Figura 1- Lago di Pergusa (fonte)
Figura 1- Lago di Pergusa (fonte)

Le analisi

Nel 1932 il geologo Ramiro Fabiani, meravigliato e incuriosito dal color “rame” delle acque, prese un campione e lo portò ad analizzare nei laboratori di Verona. La caratteristica di quelle acque, oltre il colore, era un forte e sgradevole odore dato dall’idrogeno solforato. Infatti, dopo l’essiccamento del campione, la causa di quelle “parti” violacee era la presenza di batteri persistenti in acque solforose.

Tra i ceppi fondamentali riscontrati al centro del lago di Pergusa è la Thiopedia rosea.

Thiopedia rosea

Proteobatterio, la Thiopedia rosea è un batterio rosso dello zolfo (figura 2), strettamente anaerobico e obbligatoriamente fototrofo. Gram negativi utilizzano l’idrogeno solforato come donatore primario di elettroni. Per cui è un microrganismo che ritroviamo in condizioni anaerobiche nella profondità dei bacini idrici.

Figura 2 - Batterio Thiopedia rosea (fonte)
Figura 2 – Batterio Thiopedia rosea (fonte)
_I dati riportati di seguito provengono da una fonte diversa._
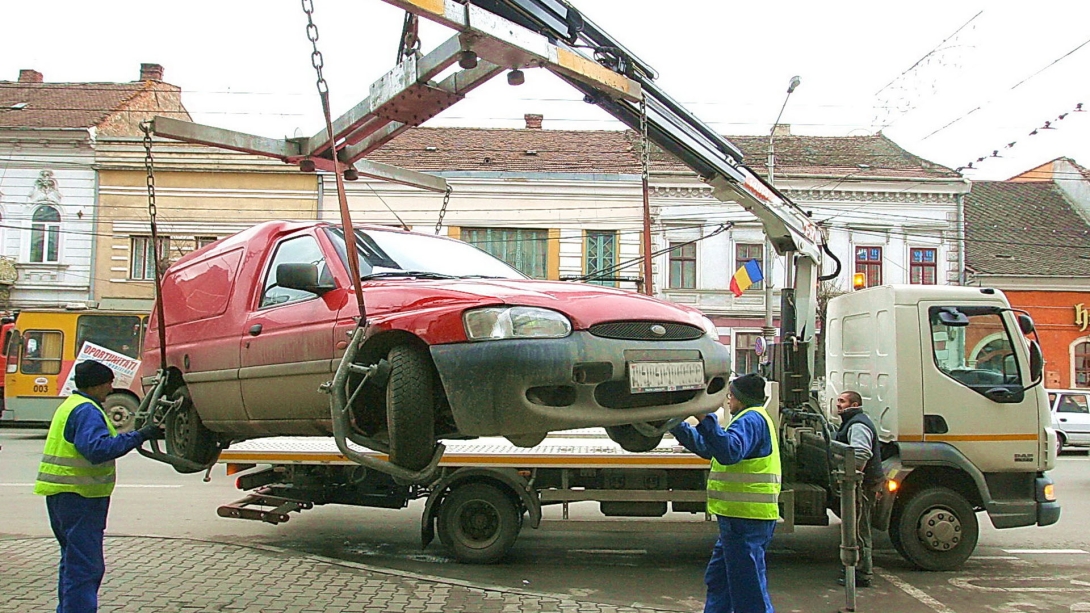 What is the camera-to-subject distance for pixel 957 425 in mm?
7898

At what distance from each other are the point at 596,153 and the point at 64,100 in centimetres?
1767

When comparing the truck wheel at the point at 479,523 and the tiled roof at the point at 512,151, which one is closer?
the truck wheel at the point at 479,523

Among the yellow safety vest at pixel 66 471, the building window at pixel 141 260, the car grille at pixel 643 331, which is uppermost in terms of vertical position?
the building window at pixel 141 260

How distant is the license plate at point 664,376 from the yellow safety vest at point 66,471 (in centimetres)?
322

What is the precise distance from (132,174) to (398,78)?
78.6ft

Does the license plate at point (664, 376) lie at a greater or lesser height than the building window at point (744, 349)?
lesser

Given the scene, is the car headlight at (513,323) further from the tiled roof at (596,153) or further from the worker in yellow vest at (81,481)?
the tiled roof at (596,153)

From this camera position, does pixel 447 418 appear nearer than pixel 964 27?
Yes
Microscopicamente la Thiopedia si mostra come cellule sferiche o ovali non mobili, con vescicole di gas nella parte centrale. Gli estesi vacuoli di gas gli consentono di variare la galleggiabilità. Micrografie elettroniche a trasmissione di sezioni sottili di Thiopedia evidenziano membrane intracitoplasmatiche fotosintetiche di tipo vescicolare. Thiopedia rosea può esprimere pigmenti tendenti al viola, rossi, marroni e arancioni e può includere granuli di zolfo all’interno delle cellule.

Thiopedia rosea è alcalofilo, può crescere a PH superiori a 9 e prospera principalmente nelle lagune di scarico. Crescono sott’acqua disponendosi in cellule singole o in fogli verticali (piastrine) formati da 4 a 256 cellule (possono crescere sino a 2-3- centimetri (figura 3).

Figura 3 - Cellule di Thiopedia rosea agglomerate (fonte)
Figura 3 – Cellule di Thiopedia rosea agglomerate (fonte)

Gli estesi vacuoli di gas che gli consentono di variare la sua galleggiabilità e l’esigenza di sorgente solare inducono la Thiopedia, solitamente, a posizionarsi nell’interfaccia tra epi- e ipolimnio. La qualità della luce è un fattore determinante nello sviluppo dei batteri fototrofi, influenzando la stratificazione delle specie.

Conclusioni

La prodigiosa colorazione delle acque di Pergusa, ritratta nell’acquerello del professor Fabiani, è stata paragonata per anni, a ciò che accadde nel Nilo durante la prima piaga d’Egitto. Ogni 10-15 anni, con il verificarsi del fenomeno, la popolazione di Pergusa si aspettava una “punizione divina” o un infausto destino.

Ancora una volta scienza e religione si ritrovano a viaggiare parallelamente. Chissà se ai tempi di Mosè fu proprio lo stesso “pittore” Thiopedia rosea a tingere le acque o realmente la mano divina.